Maxime Dahirel and I will be teaching a 90min-long introductory workshop on Bayesian data analysis using STAN at the Ecology Across Borders meeting in December. This is a joint meeting of 4 different ecological societies which will be attended (mainly) by researchers in ecology.
The idea for the workshop is to have a general introduction into BDA (30min), followed by a coding session going through models of increasing complexities (30min) and finish with small groups discussion on specific themes for the participants (30min). It is targeted towards researchers with working knowledge of statistics and interest in BDA.

We would be very grateful to hear your feedback on the material we already put together (available here) but also about your experience on teaching similar workshop to audiences of varying levels.

Thanks in advance.

2 Likes

Cheapshot comment: It’s Stan not STAN because it’s named after Stanisław Ulam. :)

I will repeat the comment I made via email—this is a very ambitious schedule. You’ve included the amount of material we’d generally spend six hours working through with similar audiences and then we’d only hope to get through simpler exercises than you have outlined.

You seem to have included Bayesian statistics, Stan, brms, and rstanarm in that 30m intro session. That seems completely impossible to me.
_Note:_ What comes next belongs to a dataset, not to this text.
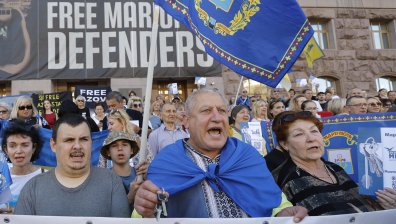 Ключове, за които няма врата: Митинг на разселени жители на Мариупол (СНИМКИ)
The 30 minute schedule for a practical session also seems unworkable even if everyone has RStan or PyStan installed. If they don’t have things installed, that will eat up all of your 30 minutes for many users (and all your staff if you want to help). 30 minutes is time to get through one very simple exercise in my experience. Trying to explain how to do mixture models for zero inflation will be way too complicated.

1 Like

I forgot to thank you for posting the announcement and your course materials.

Thanks for these comments. The Bayesian intro section is loosely based on Rasmus Baath series of videos, we’ll see at our trial session if what can get through from our slides and what should be cut down.
For the practical session I was visualizing going through the lines of code and explaining the output rather than having the audience actually writing code. People who did not manage to install all packages won’t be able to run the code themselves but I hope that they would add notes to the script so that they could come back to it later on, those with the packages installed might play around a bit.
I guess that we’ll try to keep the simple lm example plus the hierarchical model.

Glad to hear it—that’ll certainly cut down on the risk!

For the record, the session was held this Wednesday and here are some of the questions / comments from the audience:

  • how to set priors when we are making a new experiment with little background knowledge
  • can we automatically translate JAGS/BUGS into Stan code
  • what is the advantage of using BDA when using flat priors since the likelihood is the posterior
  • can we fit crossed random terms with brms / rstanarm

We could go through the presentation and 2 example models (linear and overdispersed poisson regression) in the 90min time, but we had to rush through the code and could not really go into the interesting details …

Thanks for reporting back.

  1. See the Stan prior choice recommendation Wiki.

  2. Not automatically. In theory it could be done given the data. There’s an appendix in the manual aimed at users of BUGS/JAGS to help translate to Stan. And also a translation of almost all of the BUGS examples as well as BUGS examples from several books listed on the web page.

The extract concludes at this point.